In some cases, loan recipients are getting a raw deal as high interest rates end up emptying their pockets.
A 37 year-old civil servant, who only wants to be identified as Moyo, earns $370 per month. He says this is not enough to buy food, clothes, pay fees for his children and cater for other basic necessities. At the end of last year, he decided to get a $500 loan from a micro finance company to pay tuition fees for his child who was supposed to enroll for Form One studies.
He is not alone in this predicament as a single mother and state parastatal worker, Ruth Banda, recently got a $400 loan from a money lending institution after spending almost half a year without getting her salary.

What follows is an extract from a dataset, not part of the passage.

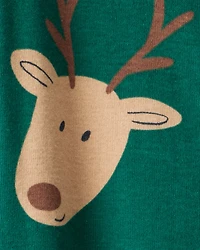 Baby Reindeer 100% Cotton Snug Fit 2-Way Zip Sleep & Play Pajamas - Green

Banda says she almost lost her valuable assets when she struggled to repay her loan.
Large numbers of people in Gweru are facing similar problems as the country’s economy has been declining fast following the 2013 general elections.
Micro finance lending is not unique to Zimbabwe but not all of them or money lending institutions operate without following national finance laws. Globally, micro finance companies cater for the interests of small-scale businesses that hardly access capital from major banks.

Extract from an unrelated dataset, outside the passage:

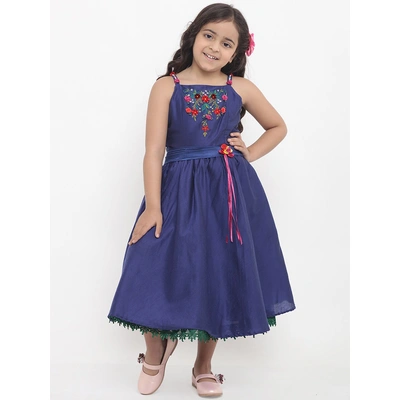 Bitiya by Bhama Girls Blue Embellished Fit and Flare Dress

Executives at most of these institutions declined to talk to Studio 7 but one of the workers, who also refused to speak on tape in fear of being victimized, noted that they are having difficulties in recovering loans from most beneficiaries, including civil servants that make the bulk of loan recipients.
Local attorney, Brian Dube, says individuals looking for loans should approach most of these institutions with caution as some of them are not properly registered.
The Reserve Bank of Zimbabwe oversees the registration and operations of micro finance institutions. Despite some strict laws governing the operations of these organizations, there are a lot of unregistered money sharks who charge high interest rates.
In some cases, individuals run such operations from the comfort of their homes in what is commonly known as chimpadzo.
Dube says people who get loans from these individuals find it difficult to get some form of redress if they are cheated.
Some observers, key players in the money market and the Consumer Council of Zimbabwe, say micro lending institutions generally trap ordinary people in poverty cycles that are difficult to break.
Martin Charumbira, economics department chairperson at the Midlands State University, speaking as an independent economic analyst, says micro credit can have a negative impact on people though it is designed to create employment and boost income of the poor.
There appears to be a thin line between micro finance institutions and black money market or chimpadzo dealers in Zimbabwe as high interest rates dominate the local money market in a nation currently ravaged by poverty.